THE WITNESS: It sounds like it means that the doctors in Seattle shouldn't have left it there.

Q. (BY MR. KRAFT) What the question is, at the time you had your conversation with Dr. Berg concerning what he found, did he tell you that the doctors shouldn't have left it there?

A. You got me all befuddled on that one.

Q. Well, are you claiming in this lawsuit that in leaving the tube in your body after the 1972 operation, that the doctors at the University of Washington Hospital did something wrong?

A. In my opinion, yes.

Q. When did you first form that opinion?

A. Several months after I had my last surgery.

Q. And on what did you base that opinion?

A. With all the trouble that I had with that first surgery.

Q. Did anything that Dr. Berg told you subsequent to your November, '79 surgery help form the basis for your opinion?

A. Not really.

...

Q. (BY MR. KRAFT) I take it, Mrs. Weisert, that any wrongdoing that you may complain of with regard to any allegations you make against the University of Washington for an alleged failure to inform you of information, whatever information, that you learned of or became aware of such failure to inform or alleged failure to inform prior to your discharge from Deaconess in January of 1980?

A. Yes.

[2] Laws of 1971, ch. 80, § 1, p. 194 (RCW 4.16.350) provides:

"Any civil action for damages against a hospital which is licensed by the state of Washington or against the personnel of any hospital, or against a member of the healing arts including, but not limited to, a physician licensed under chapter 18.71 RCW or chapter 18.57 RCW, chiropractor licensed under RCW 18.25, a dentist licensed under chapter 18.32 RCW, or a nurse licensed under chapter 18.88 or 18.78 RCW, based upon alleged professional negligence shall be commenced within (1) three years from the date of the alleged wrongful act, or (2) one year from the time that plaintiff discovers the injury or condition was caused by the wrongful act, whichever period of time expires last."

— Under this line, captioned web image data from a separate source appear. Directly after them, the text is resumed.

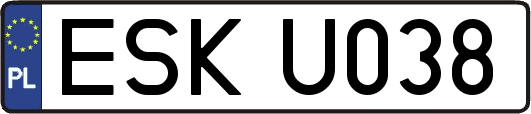 ESKU038
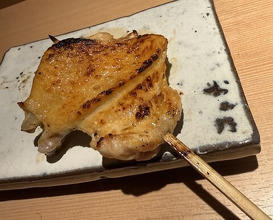 Dinner at Yakitori Omino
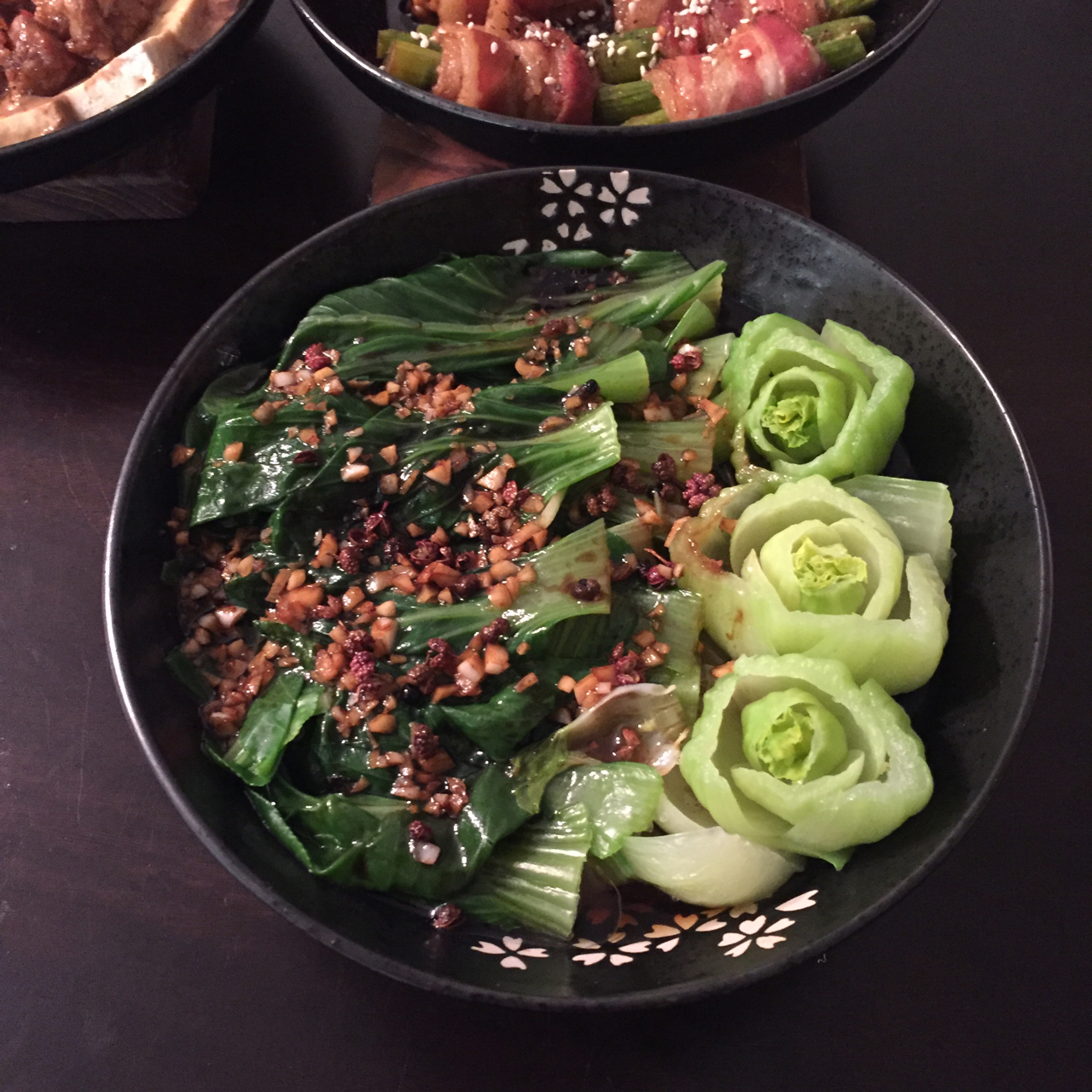 烫青菜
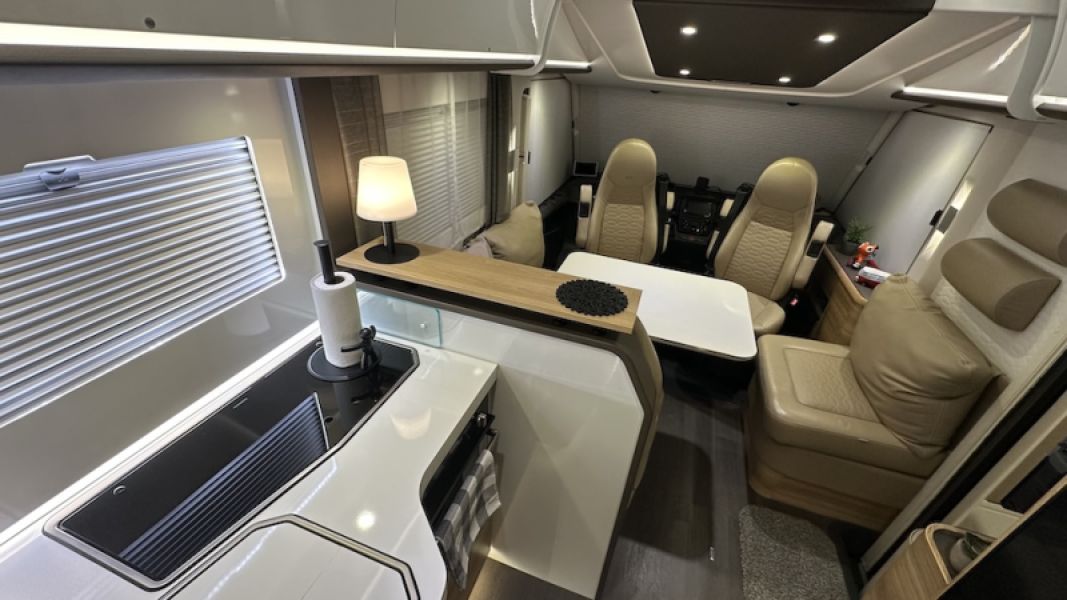 En venta Adria SONIC SUPREME 710 SL Gris 2019 Lleida foto 16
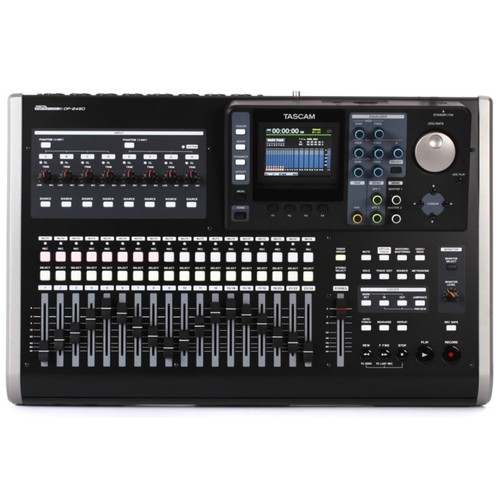Tascam 24sd portastudio - tascam,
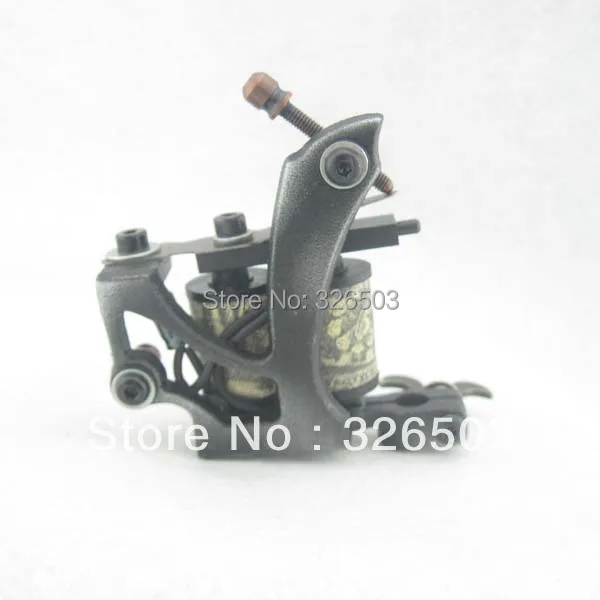 

One 8 Wrap Coils General Beginner Tattoo Machine Gun For Kit Set Supply SAG14
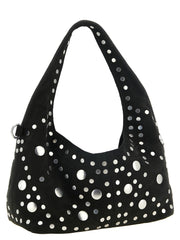 Vivienne Westwood Black Cowhide Shoulder Bag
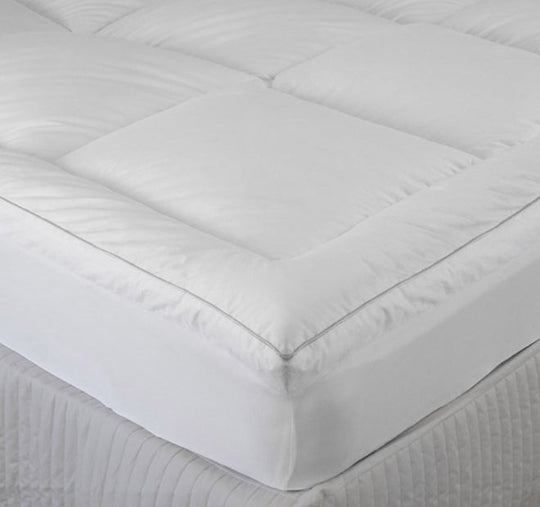 Luxury 2000GSM Mega Fitted Mattress Topper Range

It is the 1971 version of RCW 4.16.350 which applies to this case because the alleged negligence occurred on or before June 25, 1976. RCW 4.16.350 was amended by Laws of 1975, 2d Ex. Sess., ch. 56, § 1.

[3] Compare Ohler v. Tacoma Gen. Hosp., 92 Wash. 2d 507, 511, 598 P.2d 1358 (1979), which holds that the plaintiff's cause of action does not accrue until he or she discovers or reasonably should discover all of the essential elements of the possible cause of action. In dictum, Steele v. Organon, Inc., 43 Wash. App. 230, 233, 716 P.2d 920 (1986) follows Ohler.